Molecular dynamics simulations
MD simulations were carried out as described earlier but using the revised Cbk1-Mob2 crystal structure presented in this study.47 Since the αC of Cbk1 was not resolved in the crystal structure, homology modeling was used to build this region based on the structure of activated PKB (PMID: 12434148). Furthermore, the activation loop segment with the Ser-570 autophosphorylation site as well as the DFG loop of the Cbk1-Mob2 complex was remodeled to make it adopt a similar structure as it had formerly been observed in other activated AGC kinases.
Structure deposition
The crystallographic models of the Dbf2(NTR)-Mob1, Cbk1(NTR)-Mob2 and the revised Cbk1-Mob2-pepSsd1 complexes have been deposited in the Protein Data Bank with accession codes: 5NCN, 5NCM and 5NCL, respectively.
Funding
This work was supported by the National Institute of Health [grant number 5R01GM084223-08]. A.R. is the recipient of the Lendület grant from the Hungarian Academy of Sciences (LP2013-57). The work was also supported by a grant from the Hungarian Research Fund (OTKA NN 114309). The content is solely the responsibility of the authors and does not necessarily represent the official views of the National Institutes of Health.

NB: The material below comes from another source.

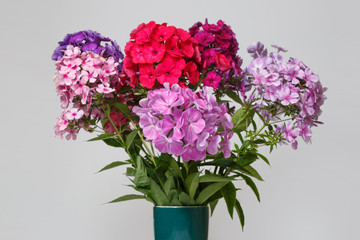 Lush bouquet of multi-colored phlox isolated on a gray background.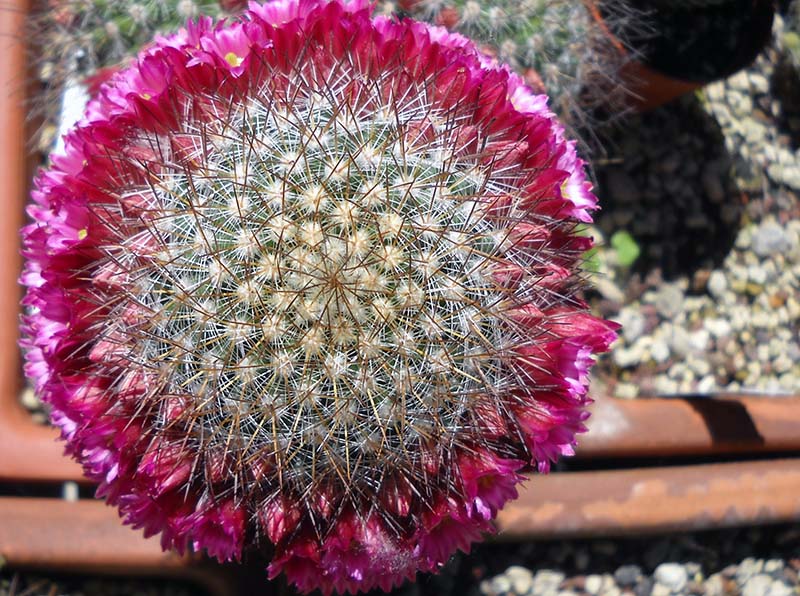 Mammillaria rekoi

We acknowledge staff and instrumentation support from the Structural Biology Facility at Northwestern University, the Robert H Lurie Comprehensive Cancer Center of Northwestern University and NCI CCSG P30 CA060553.

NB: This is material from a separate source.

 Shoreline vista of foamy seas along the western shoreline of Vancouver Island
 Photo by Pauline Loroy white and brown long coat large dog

This research used resources of the Advanced Photon Source, a U.S. Department of Energy (DOE) Office of Science User Facility operated for the DOE Office of Science by Argonne National Laboratory under Contract No. DE-AC02-06CH11357. Use of the LS-CAT Sector 21 was supported by the Michigan Economic Development Corporation and the Michigan Technology Tri-Corridor (Grant 085P1000817).
Author Contribution
Eric Weiss conceived this study analyzed data and wrote the manuscript. Attila Reményi analyzed data and wrote the manuscript. Gergő Gógl collected and processed X-ray data, Csaba Hetényi and Mónika Bálint performed MD simulations. Benjamin Parker performed protein biochemistry, collected X-ray data, and wrote the manuscript.
Competing Interests
The authors declare no competing interests.
Acknowledgments
We thank Kyle Schneider for the Cbk1-Mob2 expression plasmids. We thank Jonathan Hsu for the bi-cistronic plasmid backbone. We acknowledge a grant of computer time from CSCS Swiss National Supercomputing Centre, and NIIF Hungarian National Information Infrastructure Development Institute.